Asked by rajapanambur | 11th Apr, 2017, 02:00: PM

Expert Answer:

Hi Student,
 
Thanks alot for your appreciation. Smile We are glad to help. 
Also, this topic is kind of a challenging one. Hopefully this should help you. You can edit some points if you wish.
 
The points for the next topic:
 
Introduction:
India being a developing economy with high inflation, depreciation of the currency is quite natural. Depreciation of rupee is good, so long as it is not volatile. A random depreciation that India has seen is bad and it has hurt the economy. Right from the beginning of year 2013, the value of rupee has been depreciating. High growth coupled with a market driven exchange rate bears well for the economy. However,
when growth falters and macroeconomic parameters start appearing vulnerable, one of the first casualties is the exchange rate. Currently, there is no clarity on whether we have seen the worst of the storm or it is just the beginning. The problems are manifold.
 
What is the Impact of the Rupee Depreciation on the Indian Market?
Depreciation refers to a fall in the value of the domestic currency which is caused by the demand for foreign currency exceeding its supply in the market. In such a situation one has to pay more than before to get units of foreign currency. This fall takes place in the market and on its own. Market determined exchange rate serves the purpose of aligning the domestic economy with the world economy was the price route. As consequences the domestic price gets linked up with those of the world price. 

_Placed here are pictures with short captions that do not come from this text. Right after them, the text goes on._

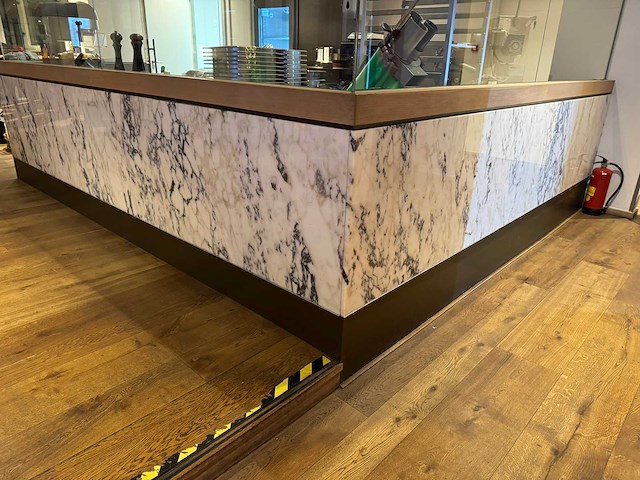 Marmeren tegel - afbeelding 1 van  6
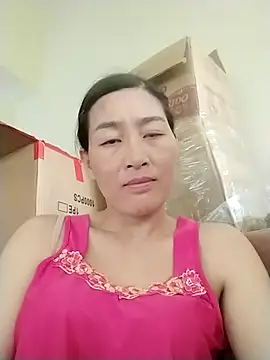 lris-Beauty77 online show from April 2, 6:55 am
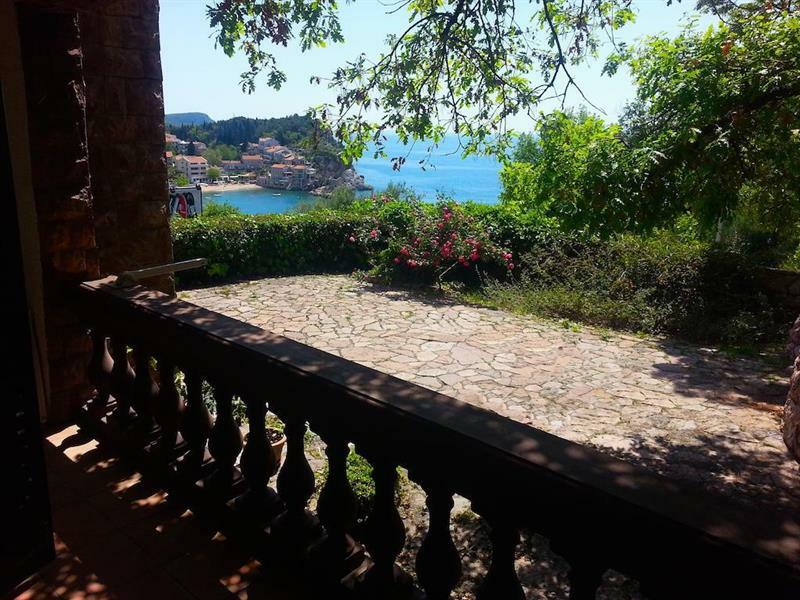 Villa Sara Guesthouse Свети Стефан Екстериор снимка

Where does the Indian currency stand when compared with Foreign currency?
Rupee depreciation has been the hot subject in current economic scenario. We are experiencing a tough time with rupee depreciation every day. Current economic context created anxious moments to various industrial sectors in India. Rupee depreciation, no doubt it will affect upper and lower sectors of the economy.
 
Indian rupee has experienced considerable depreciation of value in recent times and that has affected even the bottom lines of Indian economic scenario. Currency depreciation, as the name suggests refers to fall in value of one currency with respect to another. That is one US dollar can buy 45 INR today, and can buy 60 INR tomorrow. A currency is considered devalued when it loses value relative to other currencies in the foreign exchange market. A currency's devaluation is the result of a nation's monetary policy when the central bank makes conscious efforts to make its currency less valuable.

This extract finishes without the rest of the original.